The people around me were incredible. They supported me with a lot of tough love (the kind of love that would say ‘OK, Jazz, I’m so glad you reached out — it’s horrible that you are feeling this way, but you know what you need to do to get yourself out of this’). This is important, because once they knew that I had been learning to fight, they knew that I could get through this, and they empowered me to do so. They didn’t dive in and save me every time; instead, they encouraged me to do the work and to put in place the things I knew I needed to. There were times when they would just embrace me, but a lot of the time they challenged me, not giving me the answers but instead making me find the answers with them walking by my side.
This phase of the battle is vital for the final phase, which is the breakthrough phase.
3. Breakthrough — this phase occurs when the attacking force breaks or penetrates their opponent’s defensive line, and rapidly exploits that gap.
Once you have gathered the intelligence, engaged in the conduct and begun to action your fight, this is when the breakthrough can occur. Retraining your brain to believe that you are worth it may seem like only repetitive words that don’t mean a lot for a while, but eventually it will become truth and one day you will wake up and believe it as fact; it will become a new belief. This isn’t something that happens overnight, but with consistency and reworking your brain patterns you will start to see the difference.
I remember a key moment when I realised that my beliefs were changing; it was a very small but significant thing. I was at church one morning, and Wayne and Libby had been packing stuff out after the service. I was standing in the corridor backstage about to leave and Wayne and Libby both walked past me (they were in work mode!). Usually my mind would have freaked out at that point and I would have wondered what I did wrong and why they didn’t say goodbye — but this time I didn’t. This time I felt fully secure that they were just busy, and them not saying bye had absolutely nothing to do with my worth or their love for me. The months of hard work and core-belief contradiction writing had started to really pay off. I no longer second-guessed my worth based on their response, because I knew for a fact that they loved me.

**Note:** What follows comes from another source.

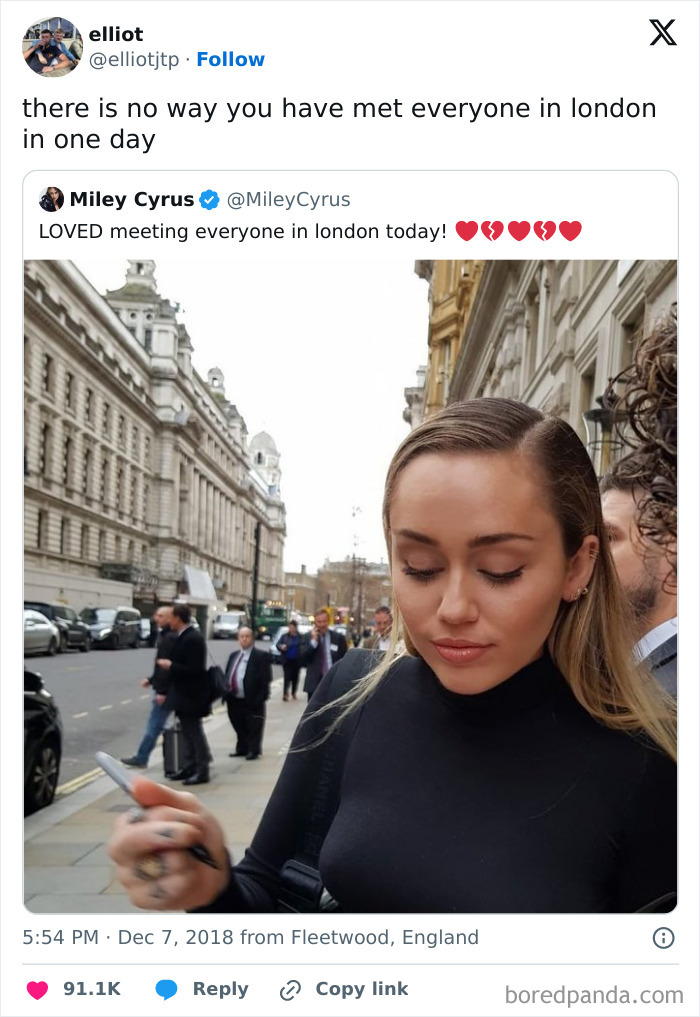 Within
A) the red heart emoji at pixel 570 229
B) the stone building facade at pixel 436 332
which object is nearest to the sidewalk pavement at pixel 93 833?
the stone building facade at pixel 436 332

Engaging in a battle is hard, because often we want to be able to jump straight through to the breakthrough phase. We want to just start living without this illness. But the reality is that it is a process — a process that can feel impossible (trust me, I know how that feels!). I could not tell you how many times I thought to myself that there was no point in trying to change things, or how many times I have heard other people say it. But it is so important that we learn how to engage in this battle for our freedom, despite everything in our life that tells us otherwise — because once we gear up and begin to really fight, change may be closer than we think.